## PROBLEM
When the line containing "m17992276568_1.jpg?1758280217" is found in the data below, give it again along with every later line, exactly; drop the pictures.

▬▬▬▬▬▬

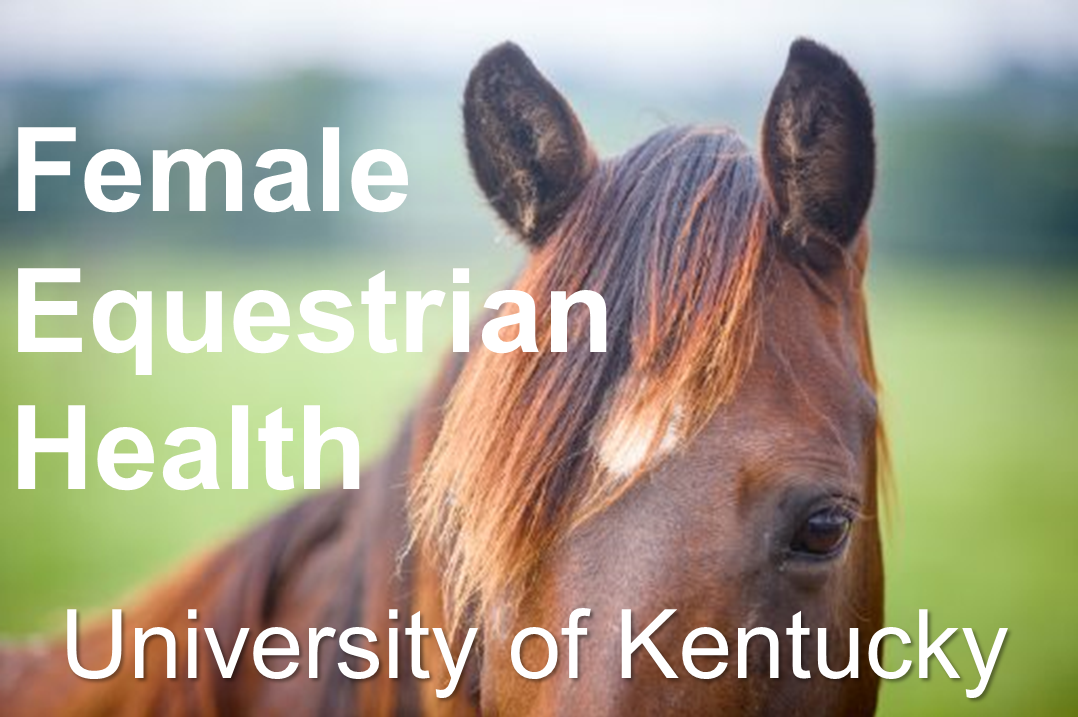 Picture of horse with text ("Famale Equestrian Health") overlayed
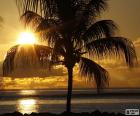 Nice sunset on the sea, view from the coast behind a Palm tree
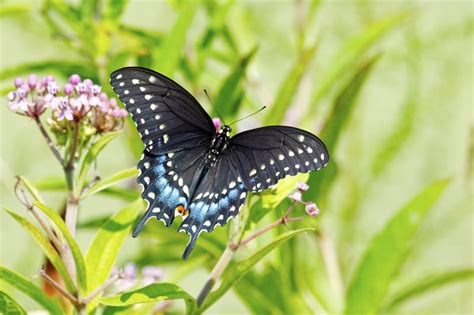 Black Swallowtail Butterfly: Facts, Host Plants and more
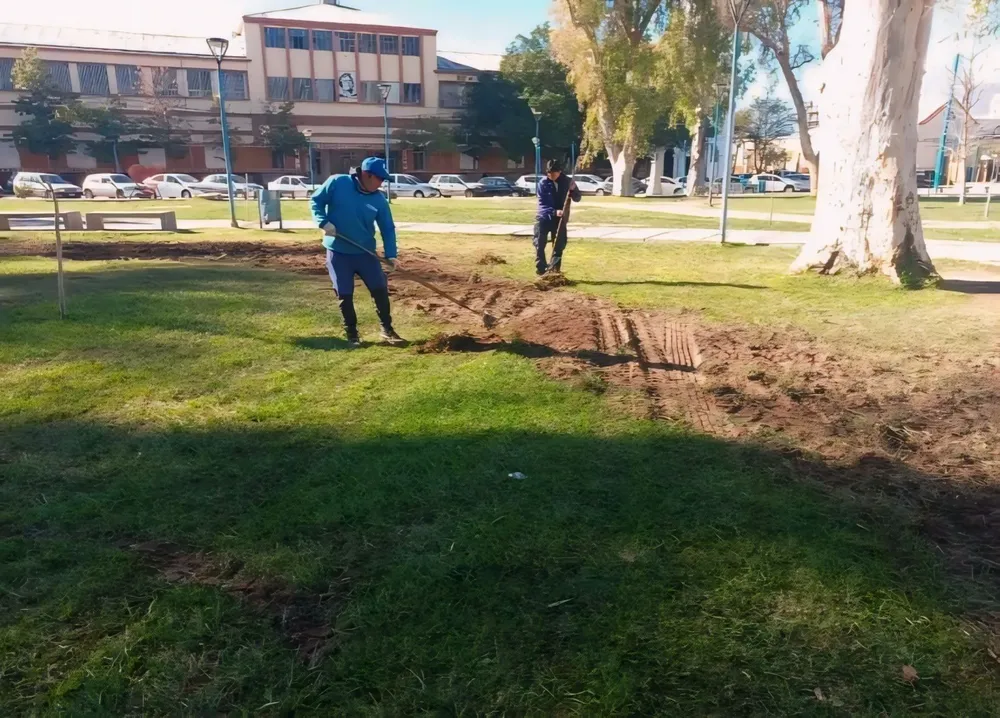 SIEMBRA EN LA PLAZA BELGRANO DE GENERAL ROCA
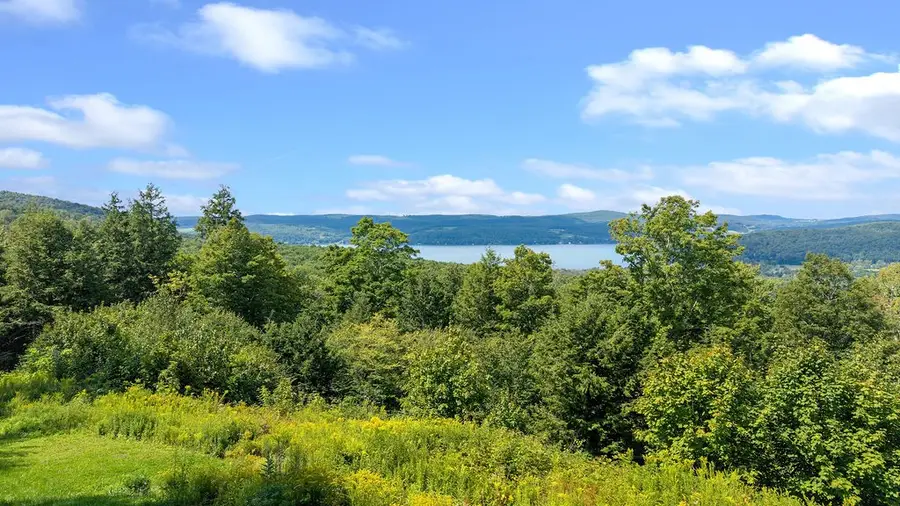 386 Springfield Hill Road, Cooperstown, NY 13326 - #3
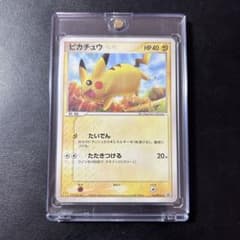 m17992276568_1.jpg?1758280217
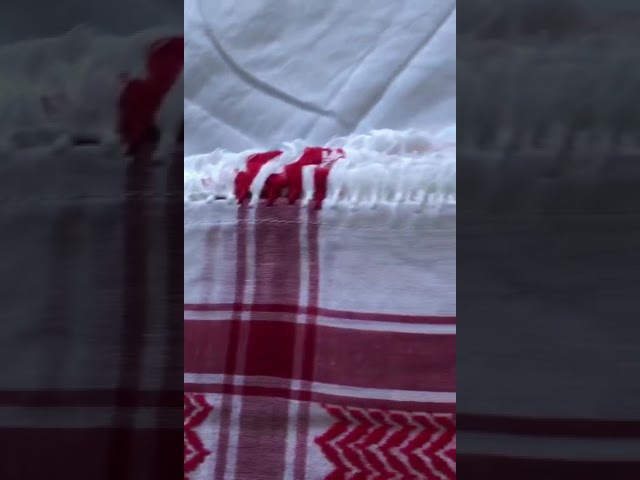 شماغ هدب الأصلي الإصدار ثاني قديم  اردني مقاس 55  مع كثله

▬▬▬▬▬▬

## TASK SOLUTION
 m17992276568_1.jpg?1758280217
 شماغ هدب الأصلي الإصدار ثاني قديم  اردني مقاس 55  مع كثله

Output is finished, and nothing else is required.